Dann gibt es Gehäuse für IDE-Festplatten oder SATA-Festplatten..... ich habe aber auch schon davon gehört dass es Gehäuse gibt, die für beide Arten eine Schnittstelle haben.

Du siehst, Du hast die Wahl der Qual. 
Im grunde brauchst Du Dir nur die technischen Daten der Gehäuse angucken.
Und dann bleibt nur noch die Frage wieviel Du bereit bist auszugeben. 

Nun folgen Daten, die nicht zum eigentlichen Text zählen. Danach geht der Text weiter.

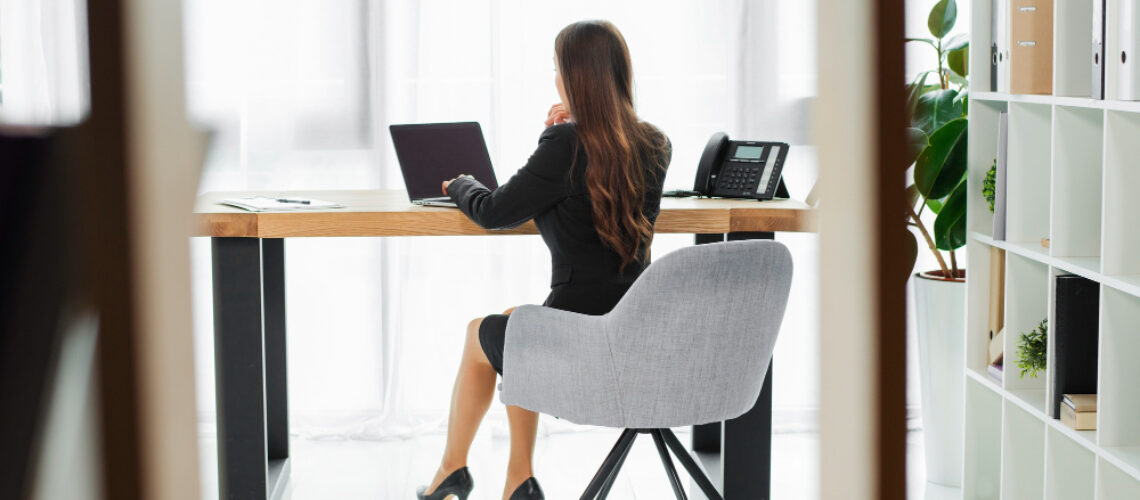 Sedentarietà moderna: come la vita da ufficio sta cambiando il nostro corpo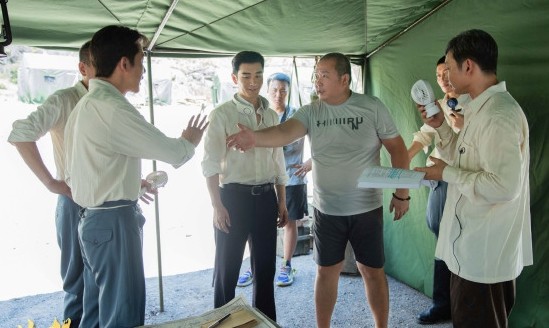 高圆圆|高圆圆复出拍戏演宋美龄，搭档“宋庆龄”李小冉，花絮照气质超群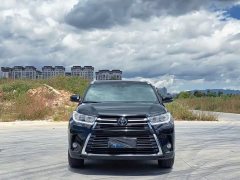 Toyota Highlander 2.0T AWD Premium 7-Seater - ფოტო 1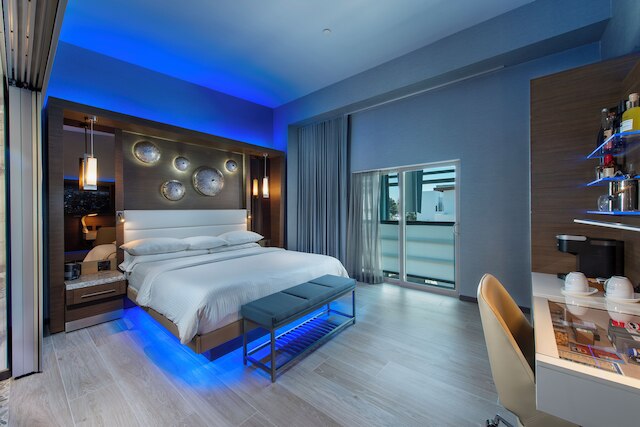 シェイド ホテル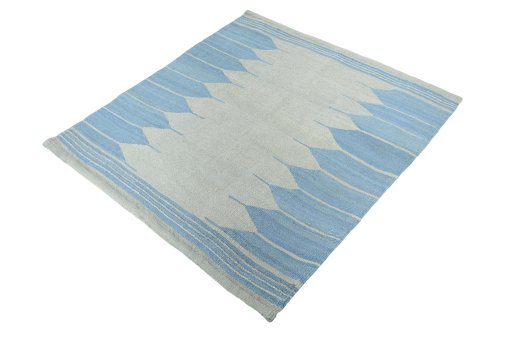 Corner detail of New Modern Design rug showing border pattern and Wool pile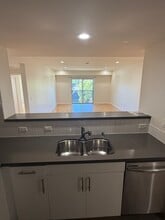 159 W Green St, Unit Pasadena Place in Pasadena, CA - Foto de edificio - Building Photo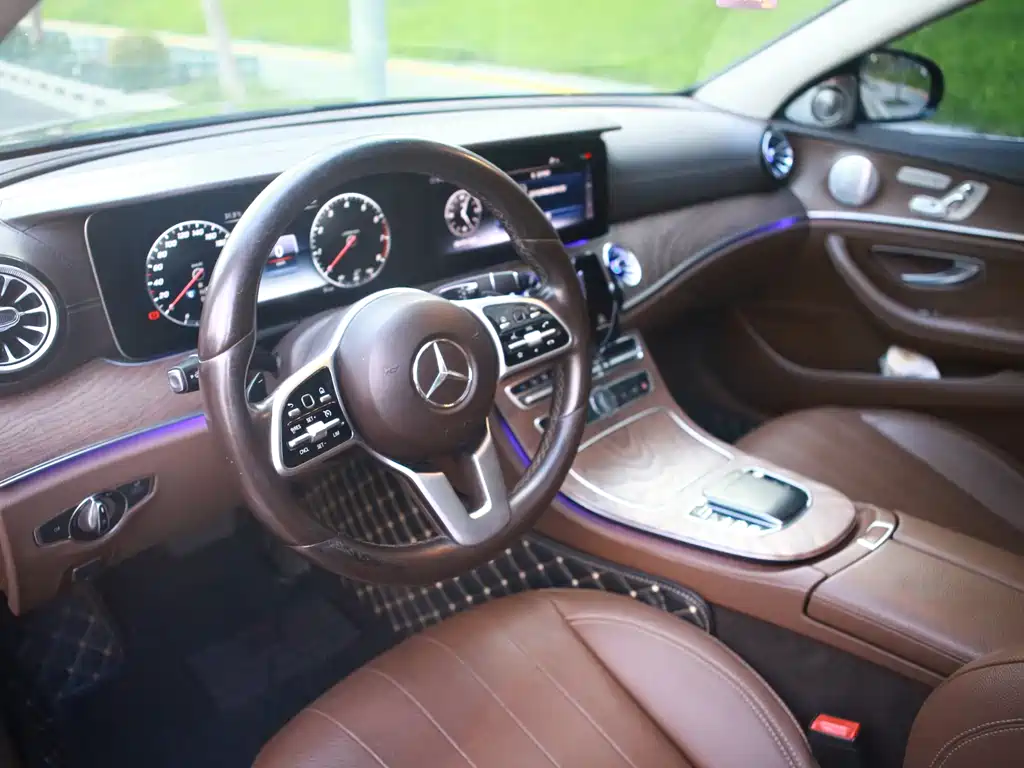 Mercedes-Benz E-Class — миниатюра 7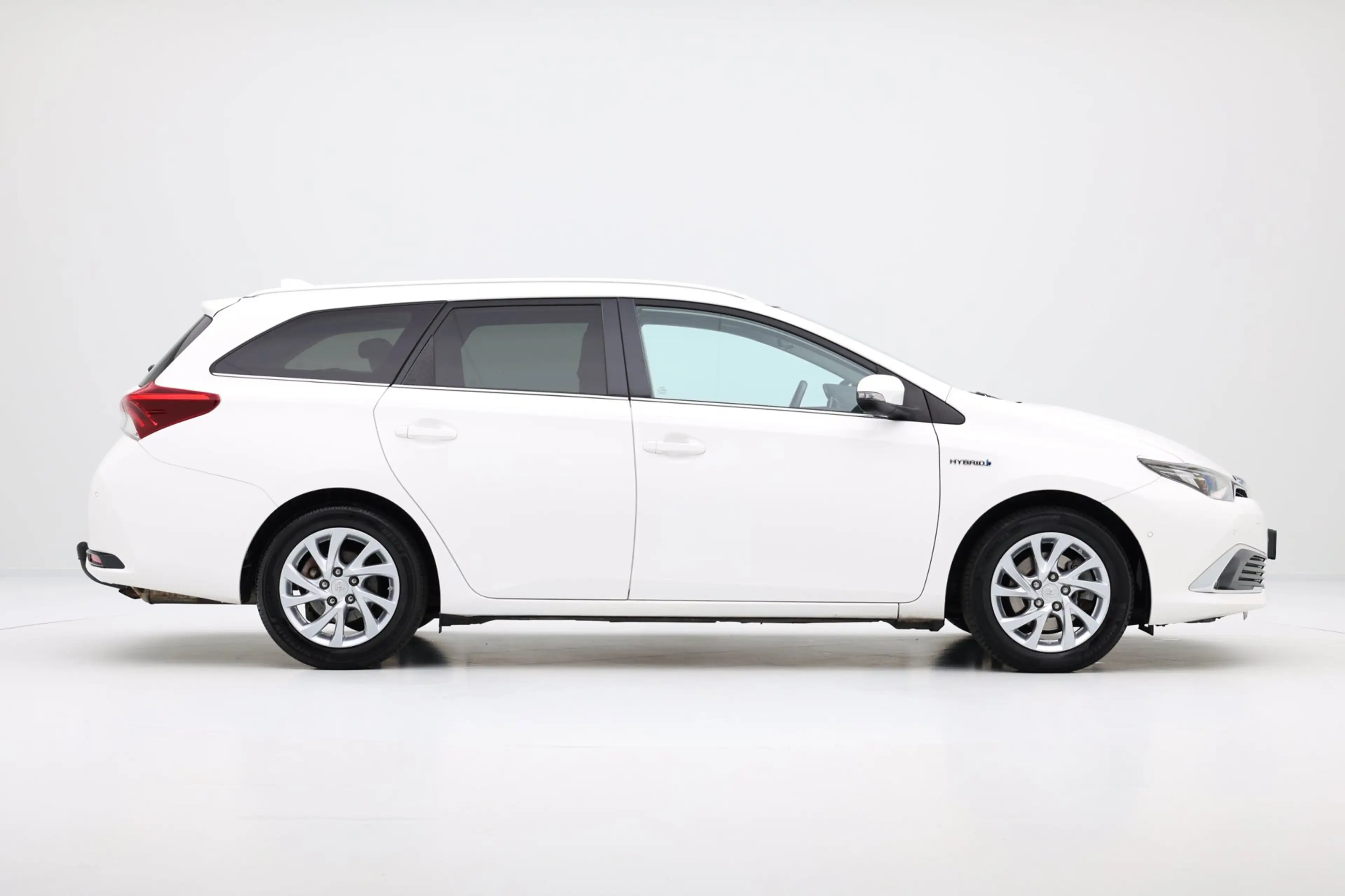 Toyota Auris Touring Sports 1.8 Hybrid Lease pro -Facelift- Pan — photo 30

Mit Maxtor habe ich bisher noch keine Probleme gehabt.
Ich bevorzuge aber trotzdem Samsung..... billig, leise und robust (24/7 Betrieb).
WesternDigital hingegen kommt mir (nach 3 abgerauchten Festplatten) nie wieder ins Haus. 

@mAu, weitere Tipps?
Hmm, da ich (mangels Bedarf  ) keine externe Festplatte habe, kann ich nur aus der Theorie reden.
USB 2.0 ist nicht USB 2.0..... siehe Wikipedia (2. Absatz).
Soweit ich weiss hängt die tatsächliche Übertragungsrate vom im Gehäuse befindlichen Controller ab..... aber auch der PC selbst und evtl. dessen Konfiguration spielen eine Rolle (z.b. sollte der USB-Host sich den IRQ nicht mit der Garfikkarte oder womöglich sogar mit der Netzwerkkarte teilen  ).
Du solltest aber auch darauf achten bis zu welcher Festplattengrösse das Gehäuse unterstützt..... es könnte nämlich ein "veralteter" Controller drin stecken.
Zur Kühlung wurde ja schon etwas gesagt. 
An dieser Seite kannst Du sehr gut sehen wie so ein Gehäuse von Innen aussieht (mit und ohne Festplatte).
Wie Du an den Bildern erkennen wirst, ist der Einbau der Festplatte in das Gehäuse also nicht schwerer als wie bei einem normalen PC. 

Gruss Dr Dau


----------